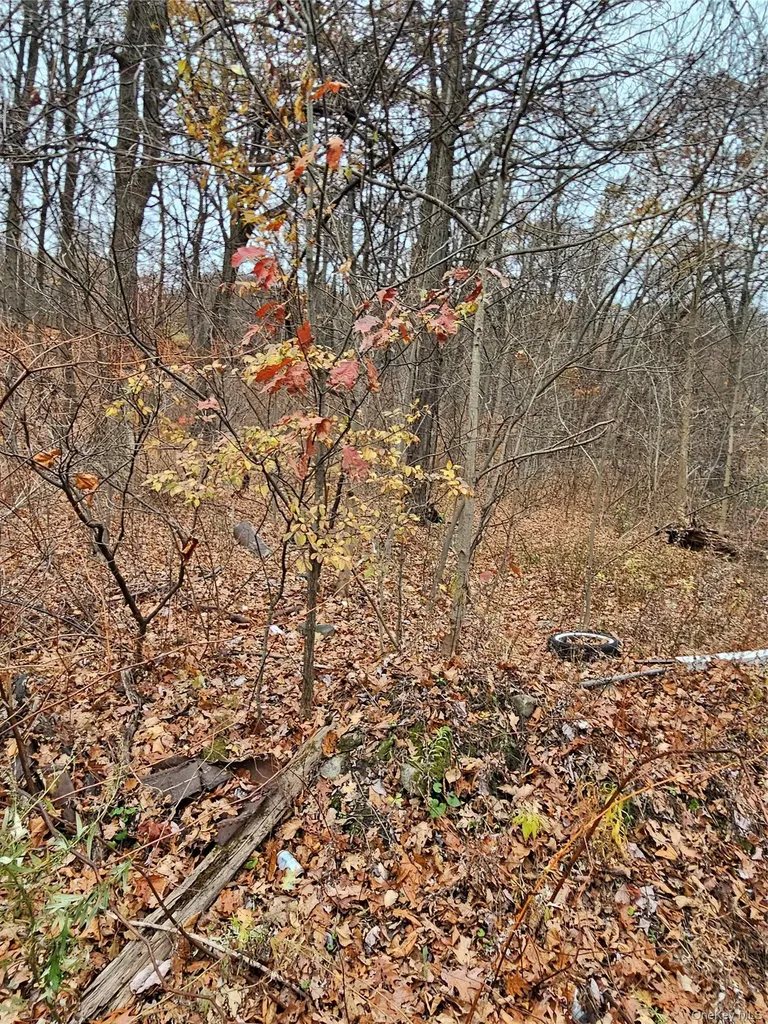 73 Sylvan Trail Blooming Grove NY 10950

+++

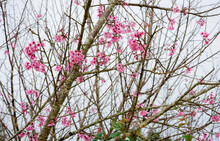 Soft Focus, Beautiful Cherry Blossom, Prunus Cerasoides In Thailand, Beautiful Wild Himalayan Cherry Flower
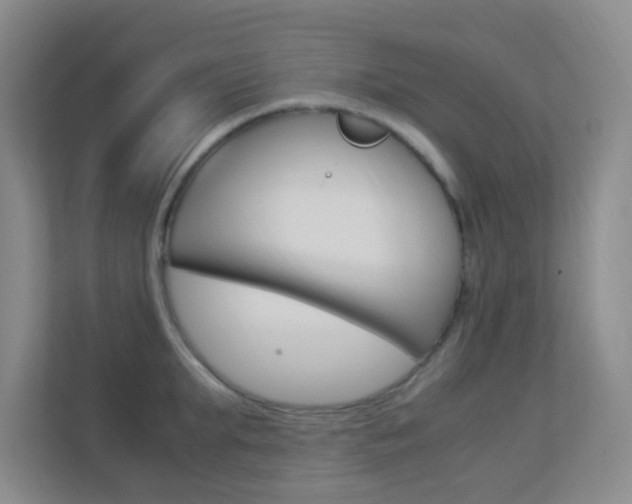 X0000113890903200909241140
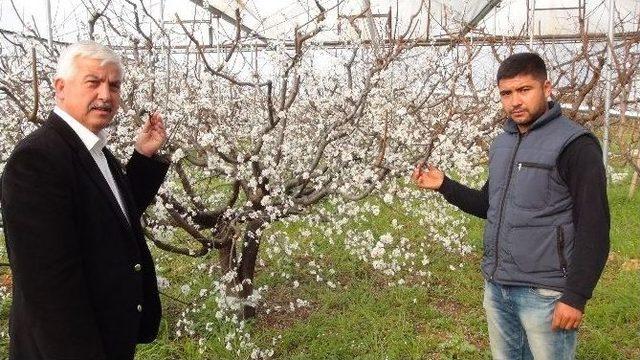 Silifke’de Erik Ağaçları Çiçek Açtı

+++

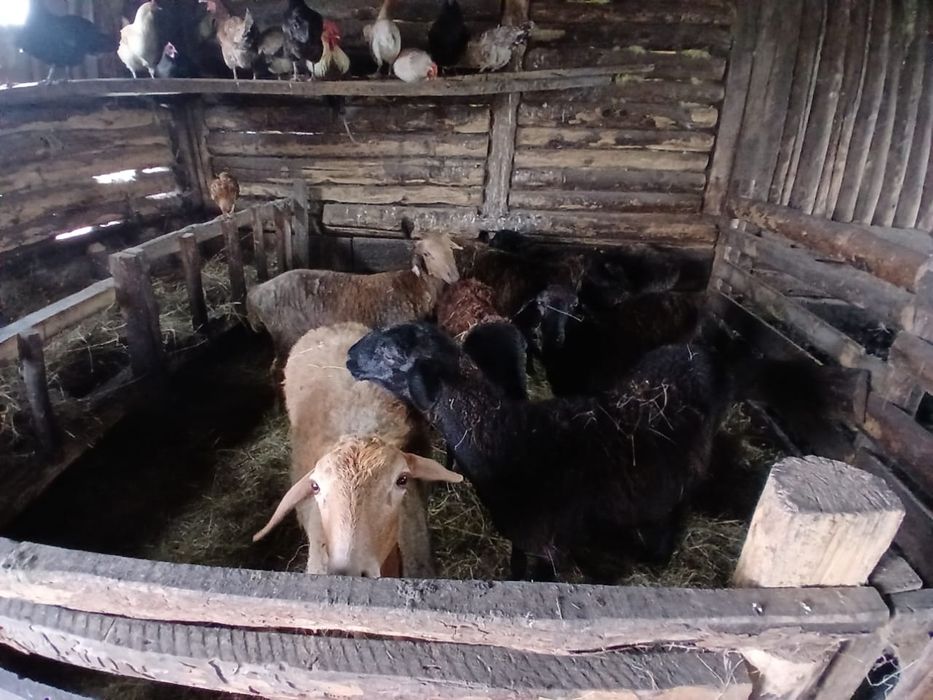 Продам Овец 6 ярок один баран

+++

Work required - The lines above from the line with "Soft Focus, Beautiful" through the line with "Silifke’de Erik Ağaçları Çiçek Açtı" are to be given again word for word, with no pictures among them.

Written response -
 Soft Focus, Beautiful Cherry Blossom, Prunus Cerasoides In Thailand, Beautiful Wild Himalayan Cherry Flower
 X0000113890903200909241140
 Silifke’de Erik Ağaçları Çiçek Açtı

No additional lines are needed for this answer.